Note that the program is rearranging the elements of A$. It’s doing this to maintain a binary tree structure, hidden in the array, that reflects the order in which the questions should be asked. This ensures that it doesn’t ask redundant questions. The questions are the inner nodes of the tree, starting from the root, which is always “Does it swim?” The animals to guess are the terminal nodes, or leaves of the tree.
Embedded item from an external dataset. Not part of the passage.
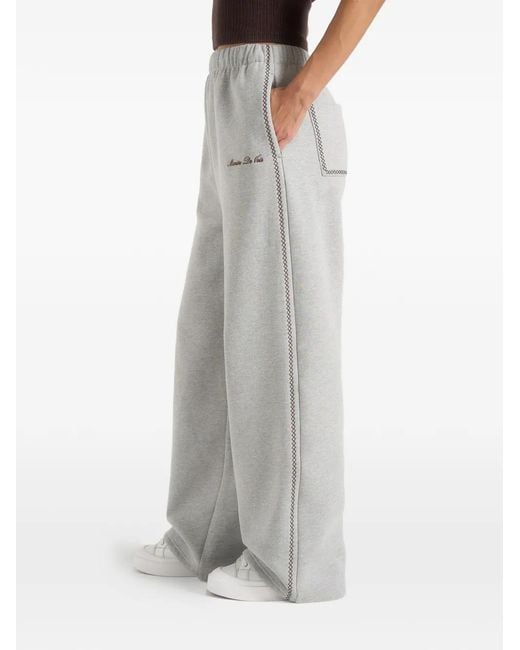 Manière De Voir Gray Whipstitch Regular Joggers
Most of the opaque logic of the program becomes clear when you realize that it handles inserting items into an array, moving items around to make space for the new items. This becomes inefficient as the number of array entries grows larger, but given that we don’t have enough memory to add thousands or millions of questions to the tree, inserting a new question probably won’t take more than a few seconds, and asking questions should never take very long, because for each question the program just follows an index to read one question out of the array.

And Onward to Python

Just to see how hard it would be, I wrote a Python version. It only took me a couple of hours to get a program that worked correctly, but I spent a few more hours over the next couple of days tidying up the code, refactoring it into smaller functions, and improving the comments; I wanted the chance to sleep on it and come back to it with fresher eyes.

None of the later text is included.